We have not yet mentioned the extraordinary contribution made by Rav Yosef Caro in his Shulchan Aruch.  As he writes in his introduction to the Shulchan Aruch, the aftermath of the Spanish inquisition left Jewish communities in Halachic turmoil around the known world.  Rav  Caro, a refuge from Spain of 1492, sought to, and succeeded in, stabilizing the Halachic practice of Jews with the publication of the Shulchan Aruch.  Of course, this is the most lasting and impactful of all the contributions of the Spanish rabbis of the era which we are addressing. 


Explaining the Extraordinary Literary Output of the Spanish Rabbis of the Expulsion Era

The accomplishments of the Spanish rabbis of the era of the Geirush (Expulsion) are beyond remarkable.  It is an expression of the phenomenon describes in the Torah as “The more they tried to oppress them, the greater they became” (Shemot 1:12).  These many great rabbis succeeded in taking all of the hideous negative energy unleashed upon them by the Catholic Inquisition and transforming it into extraordinary Torah productivity that lasts for all generations. 

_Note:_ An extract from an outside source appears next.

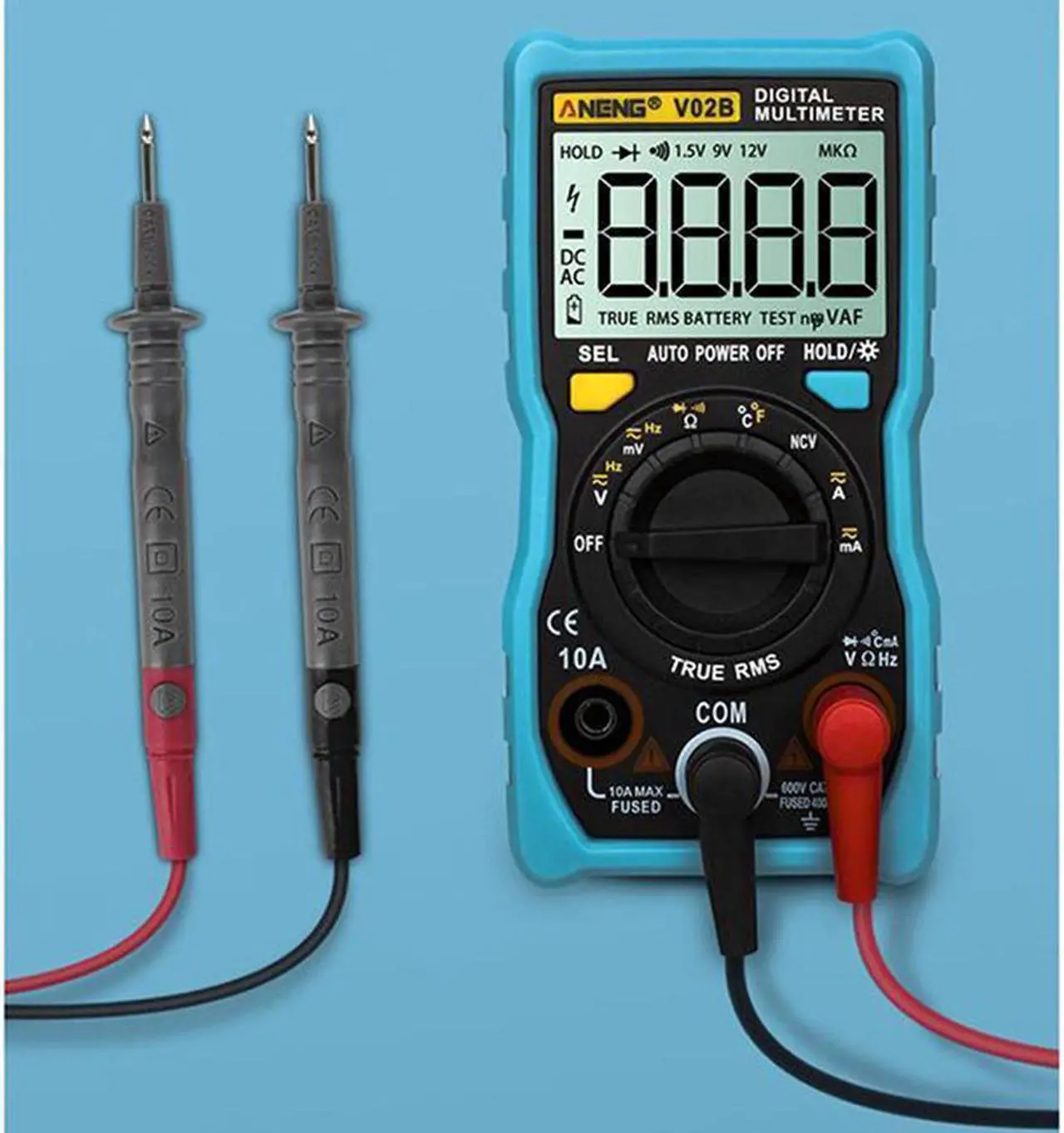 Alt view image 4 of 5 - ANENG V02B Analog Digital Multimeter Esr Meter Transistor Tester Multimetro Multimeter Auto Peak Power Off Meter Car Multi Meter - Blue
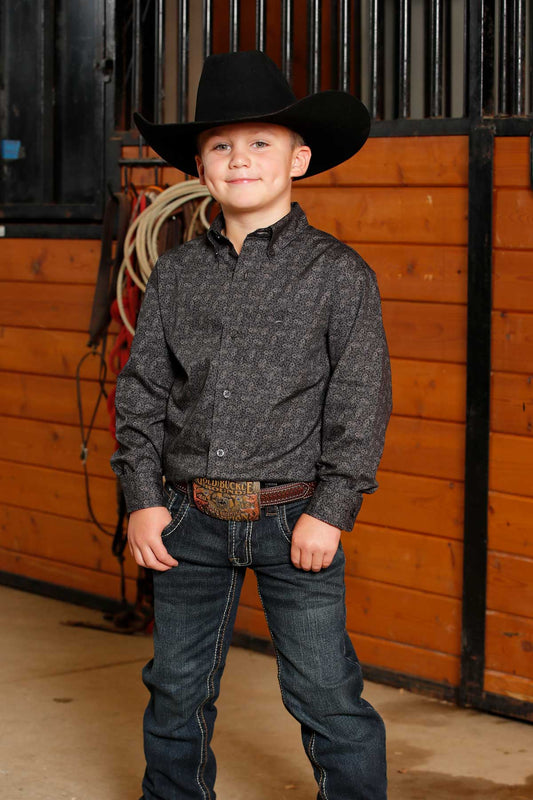 Cinch Boy's Geo Print Long Sleeve In Charcoal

Jews marching to the gas chambers in the Concentration Camps chanted “we will outlive them” (referring, of course, to the Nazis).  The Jewish expellees from Spain have certainly outlived the horrific leaders of the Inquisition, just as the Jews have outlasted the Nazis.  The inquisition and its evil leaders are long gone and forgotten, while the works of the expulsion era Spanish rabbis dramatically transformed Mizrahi Judaism and our lovingly studied by hundreds of thousands of Jews until today. 

I suggest that Mizrachi Jews refer to themselves as Sephardic not only due to the influence of Rambam and Rav Yosef Caro who were born in Spain.  Rather it is because of the totality of the influence of the great Spanish rabbis, especially those of the Expulsion era, whose writings made an extraordinary impact on the practice of eastern Jews.